When a KV entry is updated in Consul it needs to propagate through the network and achieve a consensus before it can be updated again. Where topologically the Consul services are in close proximity and latency is low, the issue is manageable. Occasionally a periodic update might take a few milliseconds more, but who’s counting? When you scale up and out and the number of replications for consensus increases along with latency, things start to get uncomfortable.
This led us to question why a Stargate in Las Vegas should care about the Hosts that are connected to a Gateway in Botswana – whether any data should be distributed by default outside of what is effectively a series of VPCs. Consul allows each Stargate to specify the key for its datacenter, and up until now they were all using dc1.
🔗Ephemeral KV: housekeeping in the network
We refactored Stargate to operate as its own Consul datacenter, but remain connected to allow ACL and other distributed indexes to remain intact. Host can be run on all sorts of devices, and as hardware is increasingly portable we must allow for a changes in location over time. This means that a single device running Host could potentially be writing KV data to different Stargates – and therefore a different datacenter – every day. (Because, you know, we’re all aspirational jet-setters :) ) Therefore we need to manage what happens when a Host migrates. We don’t want to leave a legacy of metadata in each Stargate, but we do want the Network Explorer to remember the device. Tricky, right?
There are ways to make Consul KV ephemeral, and the most reliable is by using sessions. Sessions are attached to health checks which are in turn attached to services. This means that a failing health check can simultaneously deregister a service and invalidate a session. When writing to KV it is possible to attach a session key to the write operation and create a lock on the data, as well as instructing Consul to deregister the KV data at the point that the session terminates.

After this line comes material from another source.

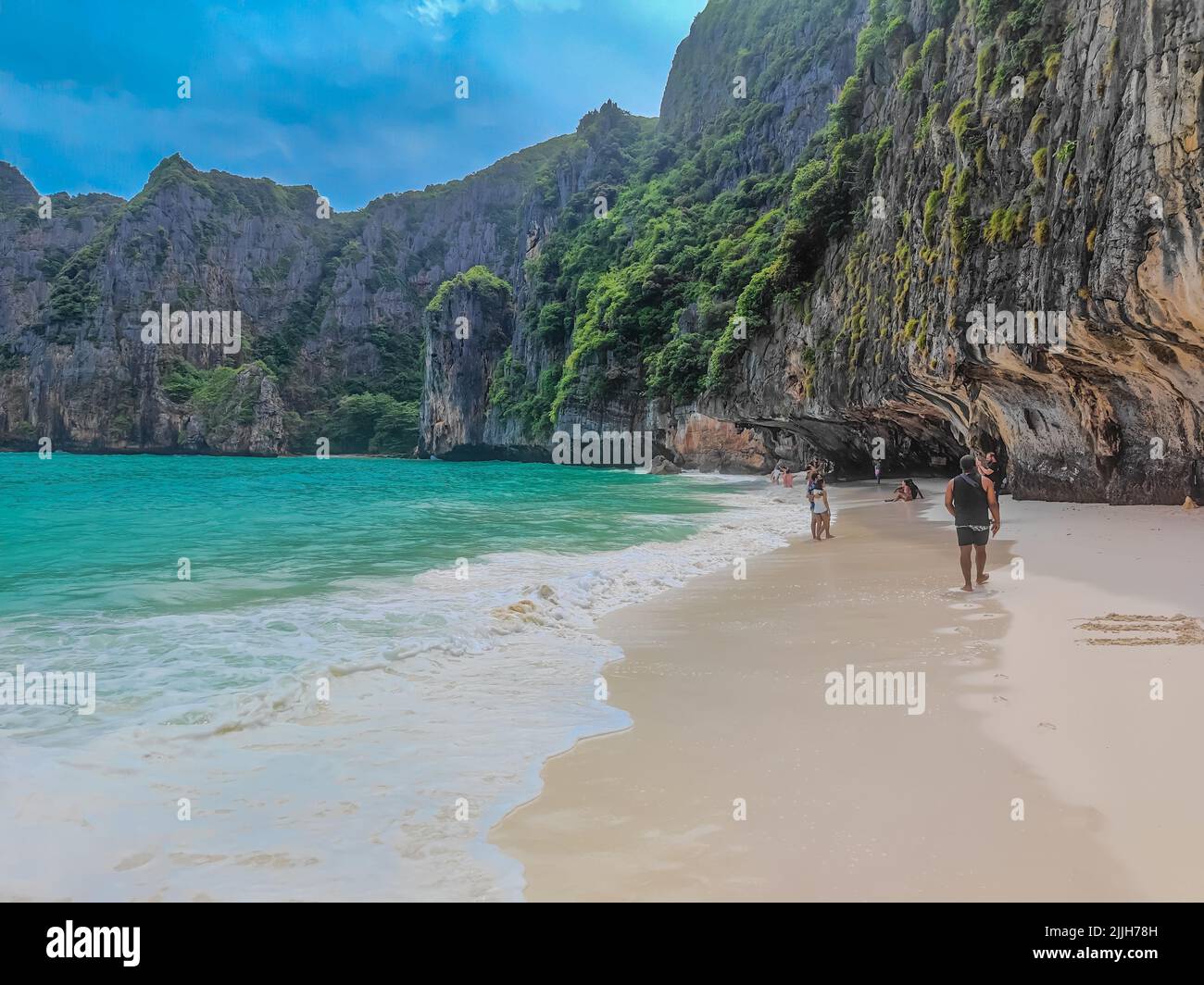 Maya Bay Strand mit türkisfarbenem Wasser und Wellen ohne Menschen in einer paradiesischen Insel Koh Phi Phi Le. Das Hotel liegt in Andamanensee in Thailand Stockfoto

🔗Replicating data across data Stargates
Now that devices are no longer persisted and their data is both ephemeral and confined to a single Stargate, the Network Explorer’s job becomes more complicated.
It needs an eye on the entire network, but when dealing with multiple Stargates the challenge is to unify all Services and KV. Replicate is Consul application designed specifically for this job. By defining the source Stargates and KV prefix’s, we are now able to run a single Consul service alongside the Network Explorer to provide a single version of the truth without forcing Stargates in mainnet to distribute their own data.
🔗Persisting offline nodes
Hosts require a minimum of 40% uptime, so frequent periods of downtime are inevitable. Now that data is ephemeral, when a Host disappears, so does its metadata. To combat this, we introduced a data store outside of Consul for the persistence of device metadata which helps retain clarity and a full manifest of registered hardware, regardless of state. In time this data store will become directly addressable and explorable.
We’ve reduced global replication and alleviated the latency of a global consensus, introduced global data housekeeping through ephemeral session-based KV and persisted valuable metadata outside of the network manifest for a long term view on resource allocation and infrastructure.
The impact on mainnet has been significant, with a high reduction in latency in what was already a lightning fast network.